Begaye: Administrators to blame for mine spill

Begaye: Administrators to blame for mine spill

GALLUP

Contaminated wastewater snakes its way down the Animas River on Aug. 6, 2015. (Photo courtesy KOB-TV - Channel 4 and Las Platas County Sheriff's Office.)

Contaminated wastewater snakes its way down the Animas River on Aug. 6, 2015. (Photo courtesy KOB-TV – Channel 4 and Las Platas County Sheriff’s Office.)

Navajo Nation President Russell Begaye said Thursday he’s not disappointed in the U.S. Department of Justice’s failure to pursue criminal charges against an Environmental Protection Agency employee who may have triggered the Gold King Mine Spill, because the employee was acting on orders and the blame ultimately belongs to the higher-ups.
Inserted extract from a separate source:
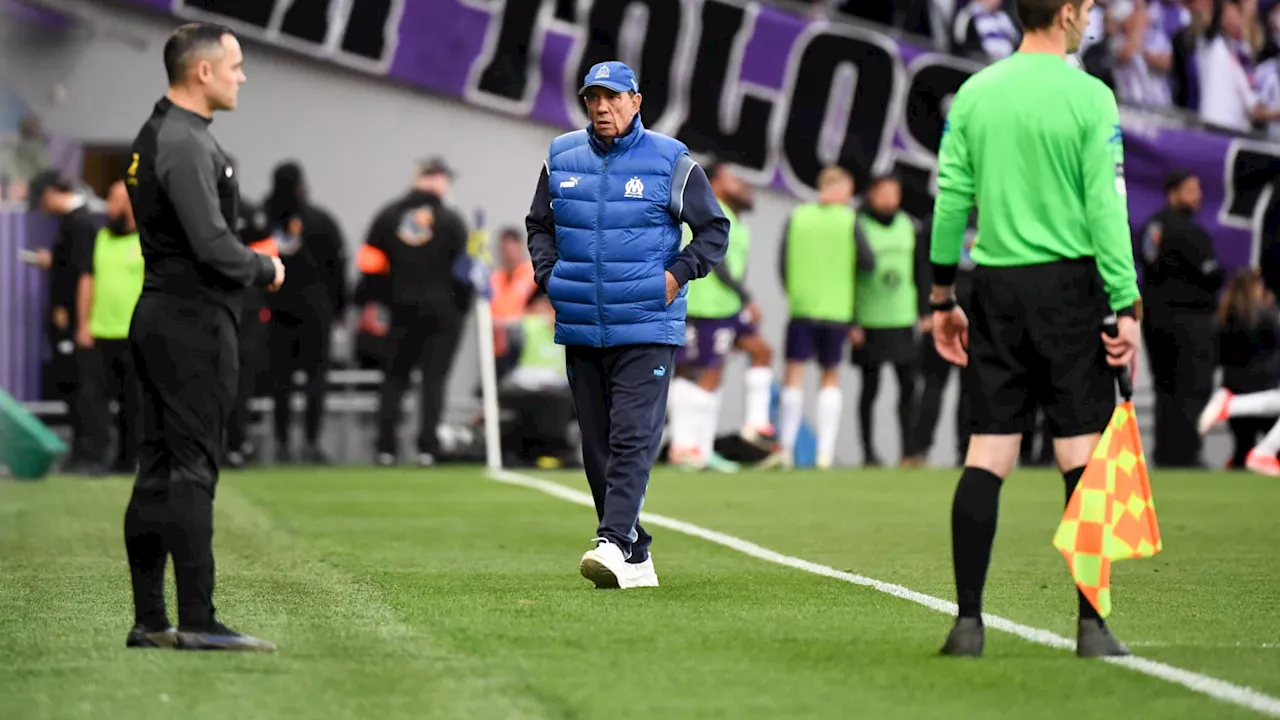 Toulouse-OM: Gasset identifie les 'deux problèmes sur l'aspect physique'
Begaye issued the statement after the U.S. Attorney’s Office in Colorado Wednesday declined to charge the unnamed employee after reviewing documents from the EPA, according to the Associated Press.

The president noted that he holds higher-level employees of the EPA responsible for the three-million-gallon rupture that tainted waters in three states.

“The engineers and those in administrative positions were informed through documentation from hydrologists and others that these mines were unsafe,” Begaye said.

The president said he didn’t want blame for the spill that impacted Colorado, New Mexico, and Utah to fall on ground-level employees.

“For these administrators not to address this, not to alleviate or minimize the pressure that had built up in these mines, is not the fault of the person sitting in the tractor or backhoe,” Begaye said. “It was the administrators who had these documents that were aware of potential explosions and the pressure that had built up. They knew about this and they did nothing. They allowed a single worker to sit in the backhoe and start to clean out the area.”

The president insisted that EPA administration had been made aware of the threat.

“It’s the people that received the report who had the authority to make a decision to address it immediately; those people are ones that need to resign from their offices,” he said. “They need to be prosecuted because they affected not only the whole valley but also the Navajo Nation.”

According to AP reporting, the EPA’s Office of the Inspector General disclosed that it recently presented evidence to prosecutors that the employee may have given false statements and violated the Clean Water Act.

Office spokesman Jeffrey Lagda said the U.S. Attorney’s Office in Colorado declined to pursue a case against the employee. Instead of prosecution, an investigative report will be sent to senior EPA management for review, Lagda said.